Source information:
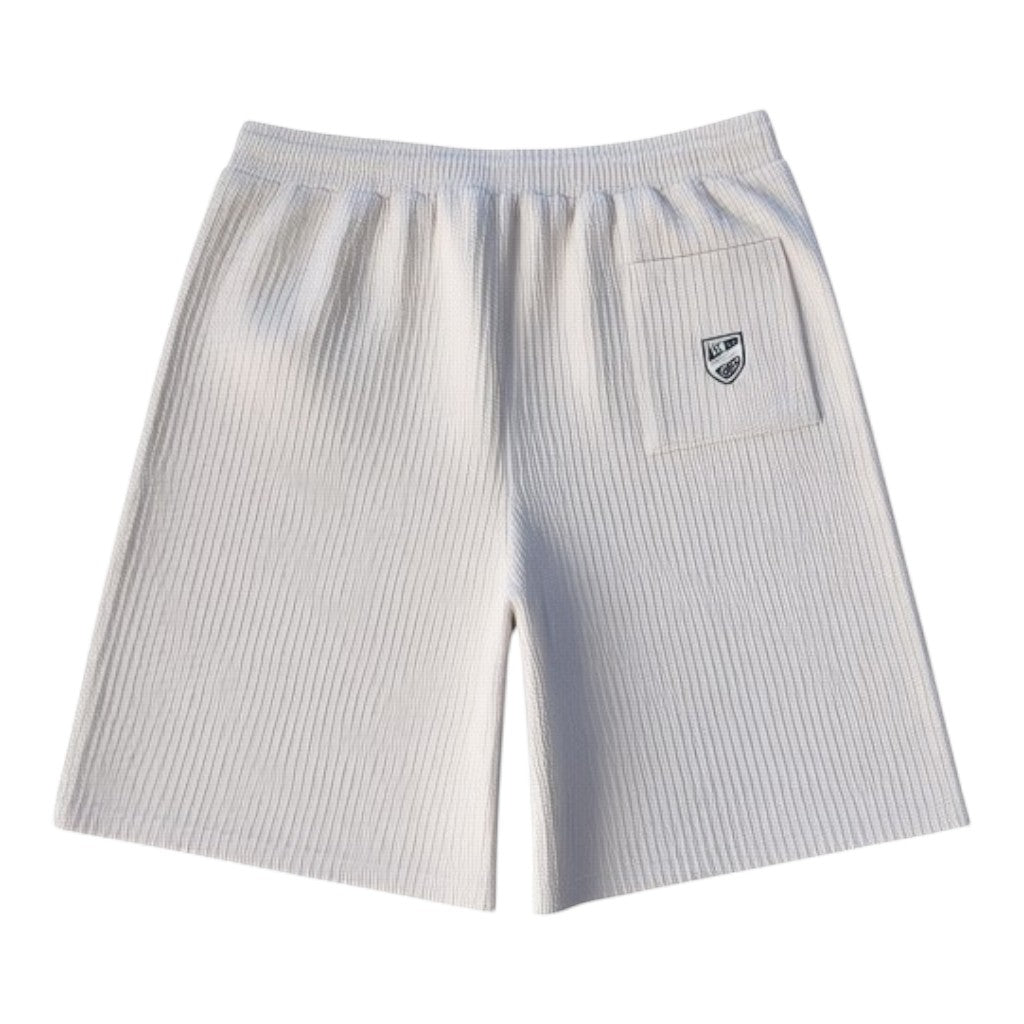 Klothco white textured ribbed shorts with an elasticated waistband and a small shield logo patch on the back pocket.
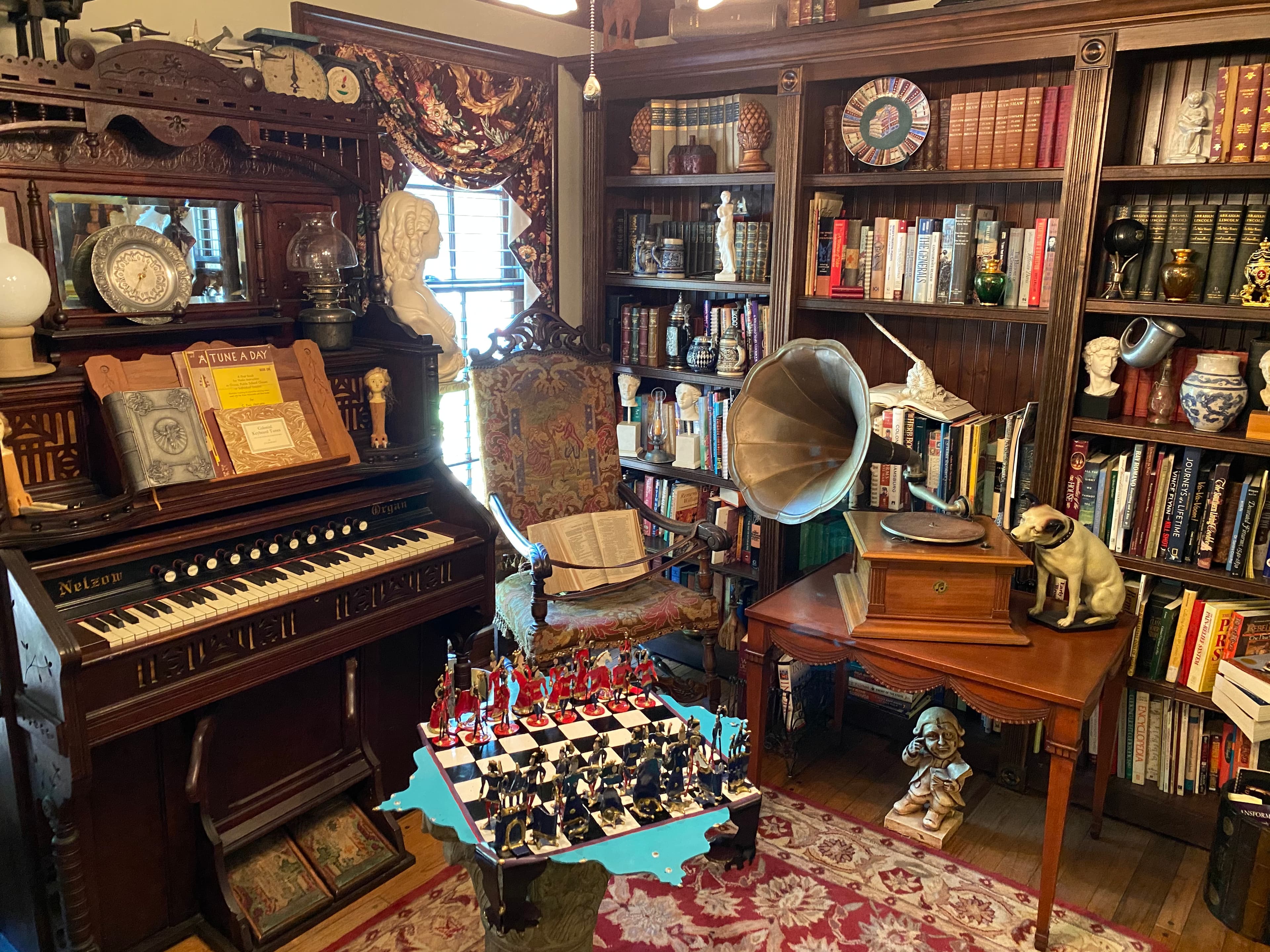 A cozy vintage library featuring a piano, gramophone, intricately designed furniture, and a chess set on a decorative rug.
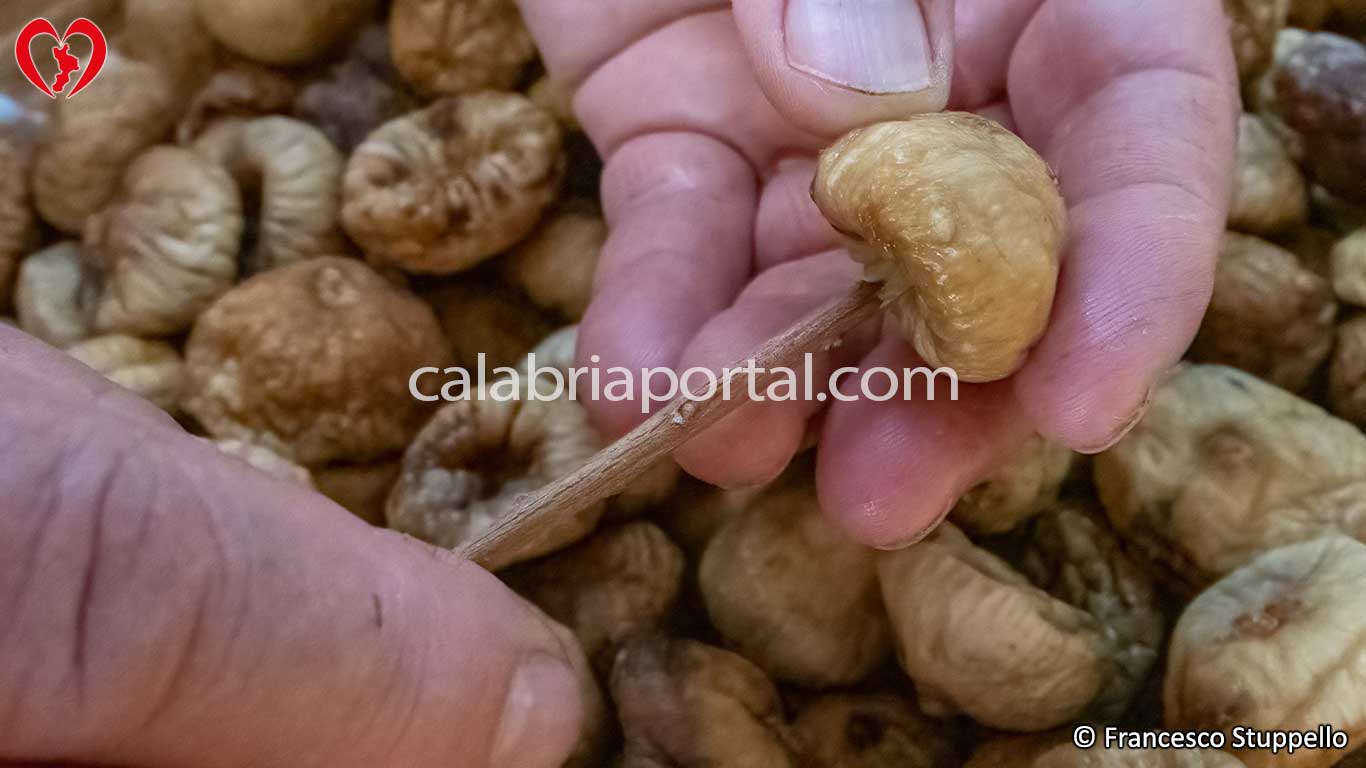 Infilzare il fico nella parte posteriore per preparare la corolla di fichi secchi Infilzare il fico nella parte posteriore per preparare la corolla di fichi secchi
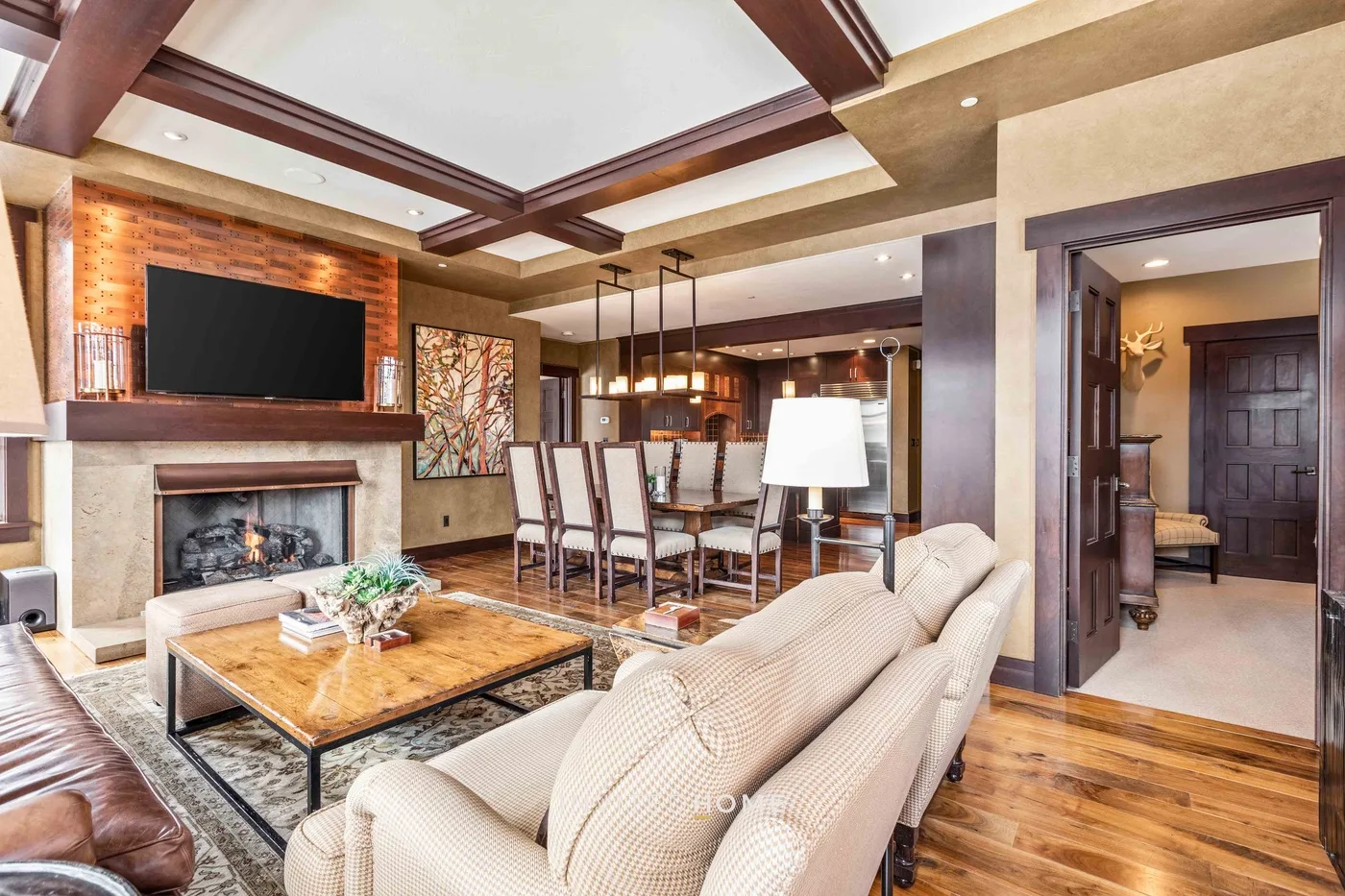 A living room with seating, a fireplace, and a dining area.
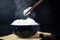 Cooked jasmine rice in ceramic cups and chopsticks holding hot jasmine rice. Placed on a black wooden table. Close up shot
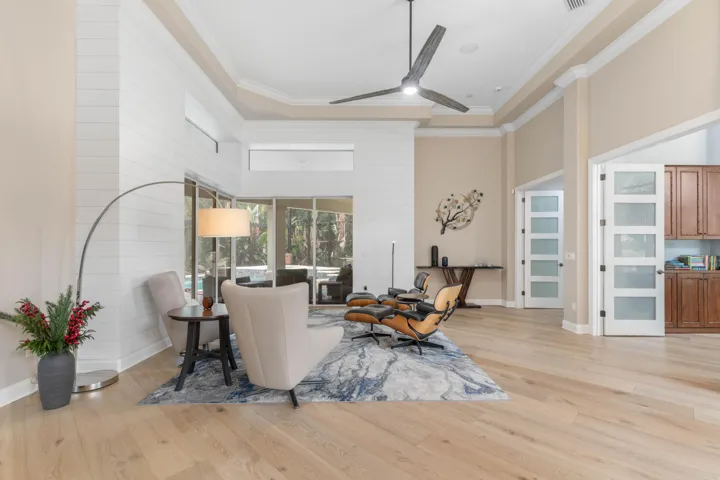 Step into a space where sunlight dances across wide-plank floors and modern elegance meets easy comfort—this inviting living area feels like the start of your next chapter.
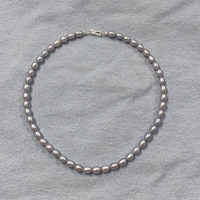 Rehaussez vos bases : collier en perles grises, pendentif solitaire en argent sterling 925, intemporel et polyvalent pour transformer vos looks quotidiens
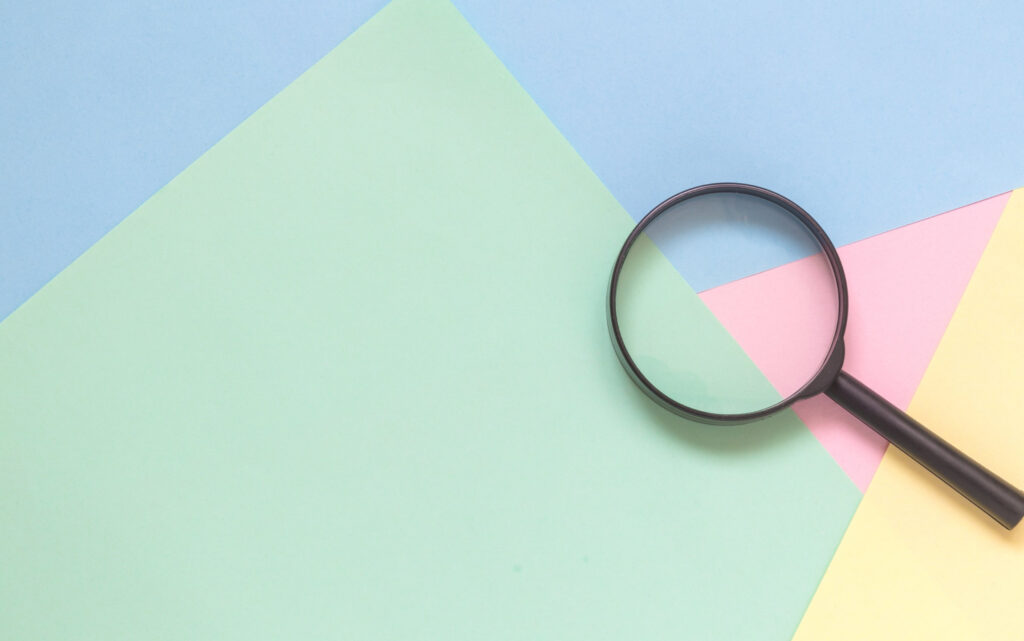 magnifying glass on colored paper to show vision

Task statement:
Render the records above word for word and leave the pictures out.

Answer to this problem:
 Klothco white textured ribbed shorts with an elasticated waistband and a small shield logo patch on the back pocket.
 A cozy vintage library featuring a piano, gramophone, intricately designed furniture, and a chess set on a decorative rug.
 Infilzare il fico nella parte posteriore per preparare la corolla di fichi secchi Infilzare il fico nella parte posteriore per preparare la corolla di fichi secchi
 A living room with seating, a fireplace, and a dining area.
 Cooked jasmine rice in ceramic cups and chopsticks holding hot jasmine rice. Placed on a black wooden table. Close up shot
 Step into a space where sunlight dances across wide-plank floors and modern elegance meets easy comfort—this inviting living area feels like the start of your next chapter.
 Rehaussez vos bases : collier en perles grises, pendentif solitaire en argent sterling 925, intemporel et polyvalent pour transformer vos looks quotidiens
 magnifying glass on colored paper to show vision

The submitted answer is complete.